Baseball Prospectus - Small sample size (July 30, 2003)
An entire paragraph devoted to explaining the limitations to the data presented. Excellent!
The concept of comparing the performance of the team with and without the player is nothing new (hockey's plus/minus, pitcher's won/lost WAT, and scores of others). So, BP does the same with BIP (how often does the team turn an out, when that player is anywhere on the field, and not).
Small sample size plays a huge huge role, far more than any other valid limitations already cited. How can you as a reader tell this right away?
The range offered by the unnamed BP author (is this BP's way of creating a brand?) is +/- .05 outs / play for the team. Now, all you have to do is look at a position's ZR (Zone rating), and you will quickly see that for a position, the range is around +/- .05 or .07 outs / play. That's for one position, which you can divide by 7 or 8 (to give you less than .01 outs / play). Right away, the Redsox range shown is at least 5 times too large based on their ability. Why? Sample size.
Another way to look at it? The best/worst players are worth about +/- 30 outs per 162 games, or about .2 outs per game. In a game, you'll get about 30 plays, so that works out to less than .01 outs / play.

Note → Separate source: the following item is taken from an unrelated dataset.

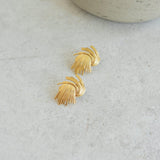 Large Gold Textured Stud Earrings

So, I applaud the BP author for taking the time to add that huge caveat. However, with the above analysis, we can pretty much say that the list presented is not statistically significant, and therefore is worthwhile only for fun, and for a much, much larger future study.
--posted by TangoTiger at 03:38 PM EDT
Posted 12:44 a.m.,
August 1, 2003
(#1) -
Vinay Kumar
Excellent point, Tango. Here's another way to look at it: by those numbers, the Sox opponents raise their BA on balls in play by fifty or so points going from Damian Jackson to Millar or Giambi. Is that reasonable? Could swapping a LF be the difference between teams hitting .260 and .310? Of course not! That's a huge difference. That's the difference between the best pitching+fielding in the league and the worst.
Over the long haul, what kind of difference might we see between good and bad LFers? Even 10 points seems like a lot, but let's just go with that. That means that the BP rankings are way off; the noise is so much greater than the signal that we can't read anything into it.
What would we think about a batting stat based on the team's scoring while that player was in the lineup?
The more I think about it, the more disappointed I am that BP ran those numbers; they're just so far from being statistically significant, that it's like a listing of averages in particular batter-pitcher matchups.
Posted 12:49 p.m.,
August 1, 2003
(#2) -
tangotiger
What would have been better would have been to breakdown by GB, Flys (and ignore pops and liners). The 1B being there or not would not affect the flyball out rate, and vice versa for the CF and groundballs.
If you really wanted to do something cool, extend that for multiple years. How did Giambi's teams throughout the years do on groundballs when he was there, and when his backups were there? Problem is that you might not get enough "backup" games to get any meaningful results.
Like I said, it's a fun exercise, but limited to the sample size.